WASHINGTON, DC-The multifamily industry, at least when speaking on the record, has been reluctant to outright criticize the Federal Housing Finance Agency's plans to streamline and shrink the GSE's operations--including trimming its multifamily finance operations.
Not so Peter Donovan, immediate past chairman of the National Multi Housing Council, who gave a spirited defense of the multifamily industry and the support it receives from the GSEs at the American Enterprise Institute.
The market showed discipline and unprecedented performance during the worst recession since the Great Depression, he said.
For critics who see "a current GSE multifamily book that will cause losses to taxpayers during the next bottom of the cycle", Donovan countered with the picture a portfolio default rate that is currently 25 basis points on a combined GSE portfolio of over $300 billion that has a 20-25 year history and a business that has generated billions in income.
For critics who point to "a synchronized -- rather than locally differentiated multifamily market -- producing excessive leverage", Donovan countered that the 2012 GSE average loan to value for newly originated loans is 65% with a 1.45 debt service coverage and an outstanding balance of 50%-55% at maturity.
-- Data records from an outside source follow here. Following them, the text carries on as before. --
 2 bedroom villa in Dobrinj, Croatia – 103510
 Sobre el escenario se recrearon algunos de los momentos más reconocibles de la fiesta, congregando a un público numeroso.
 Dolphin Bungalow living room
For critics who say that "if the federal guarantee is continued, the risk of downward pressure on multifamily underwriting standards is very high", Donovan says there has been no evidence of this under receivership. "Your reference to the growth of the aggregate multifamily mortgage debt outstanding is not shown in the context that the average loan to value has gone from 53% in 1992 to 36.5% in 2012 according to the Federal Reserve Board and that values have gone from $545 billion during that time to $2.3 trillion."
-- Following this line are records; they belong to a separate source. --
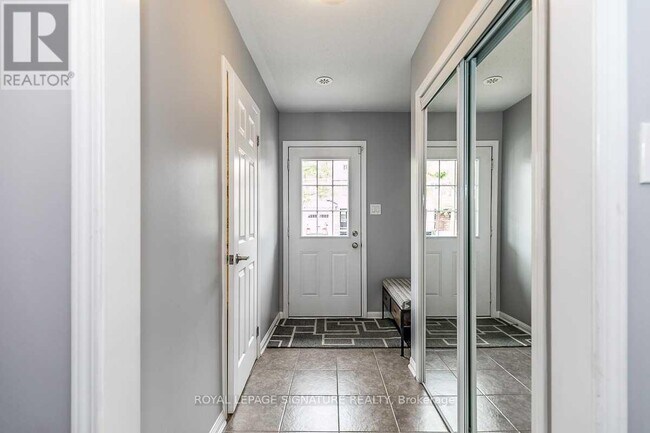 Building Photo - 14 Butterworth Rd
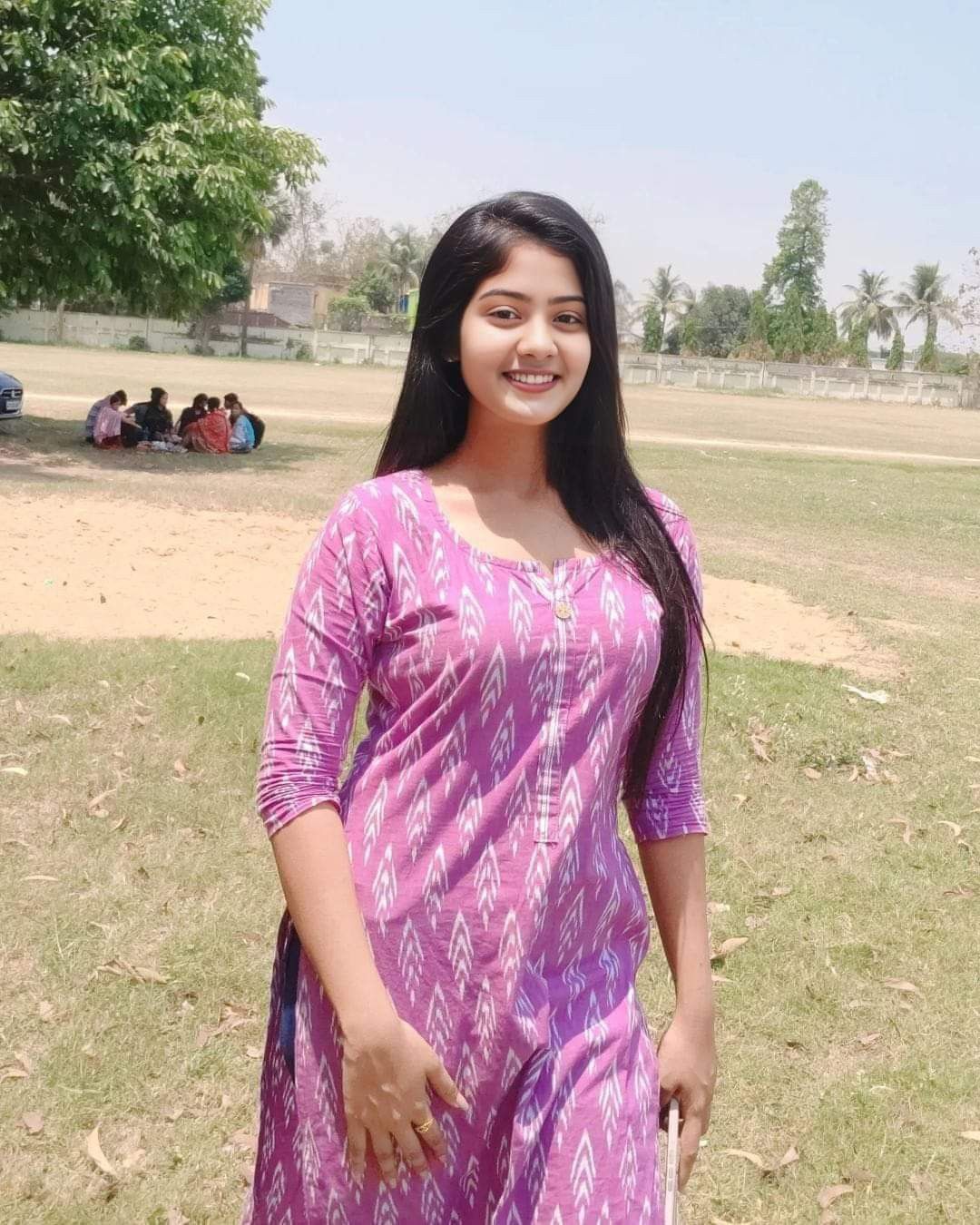 Pakistani College Girl WhatsApp Numbers for Friendship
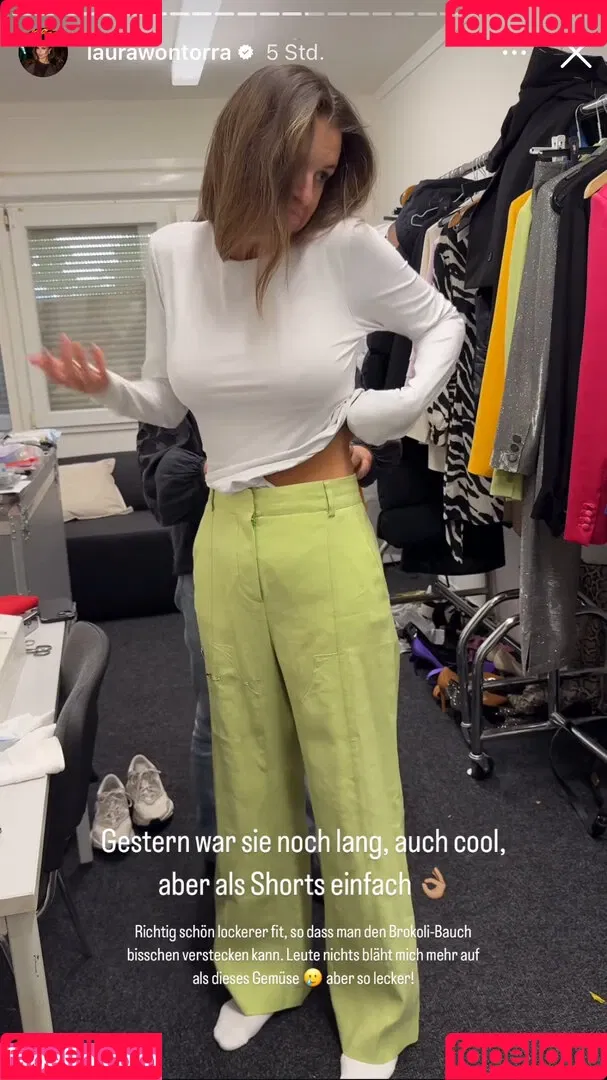 Laura Wontorra / LauraWontorra / laura_wontorra / laurachesnok Onlyfans Photo Gallery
I ask you, he continued, where is the bubble in that? "Is this your GSE over-allocation of capital to the multifamily sector?"
And on and on.
Donovan also knocked down other suggestions that have been floated in lieu of GSE support.
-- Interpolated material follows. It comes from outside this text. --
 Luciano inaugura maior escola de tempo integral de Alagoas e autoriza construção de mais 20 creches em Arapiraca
The private capital market has not shown itself to be ready, willing, able, disciplined or reliable to take the place of a government guarantee. And the Federal Reserve Bank providing a backstop in lieu of a government guarantee "is to my mind the difference between a disaster recovery plan and a disaster prevention plan that will likely lead to more frequent and severe multifamily debt market crisis."
Donovan concluded with this: "The GSE multifamily experience was not the single family experience. In times of severe economic crisis it worked even better than any of us imagined. It was quite simply the model that needs to be emulated because it works. I don't want successor GSE multifamily to crowd out the private debt market but rather to lead it."